The Court thus admitted claims by the President and opposition parties that a series of changes to the Criminal codes, made in the Parliament by the governing coalition of Social Democrats (PSD) and Liberal Democrats (ALDE), are against the letter of the Constitution.

According to sources, the reasoning for the CCR ruling is that the Parliament did not fulfill its obligation to link all texts in the codes with previous CCR rulings.

The decision comes against the backdrop of public outrage sparked by the murder of teenage girls in Caracal, South Romania, due to inefficient action by authorities. An association of prosecutors has warned that the changes pushed by the governing coalition to the criminal codes would have serious effects in favor of the murder suspect.
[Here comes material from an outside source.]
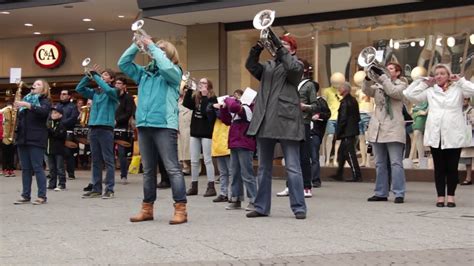 Flash Mob - Performing "Party Rock Anthem" in a plaza (HD) 🎵💃🏽 - YouTube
Romanian deputies in April adopted the bills to amend the Criminal and Criminal Procedure Codes after a special parliamentary commission moved fast to adopt a large amount of changes which critics said would seriously undermine the judiciary and the fight against corruption, while helping criminals.

Among the most controversial changes:

  • diminishing expiration terms for sentences, including for sentences related to acts of corruption
  • dropping an article of the law on dereliction of duty
  • limiting the period where denouncements can be made to a year
  • banning of public communication or statements or providing other information by public authorities on facts and people who are subject to criminal inquiry or court procedures
  • dropping an article of the law that increased sentences in cases of abuse in office where a public servant has obtained advantages for himself or others.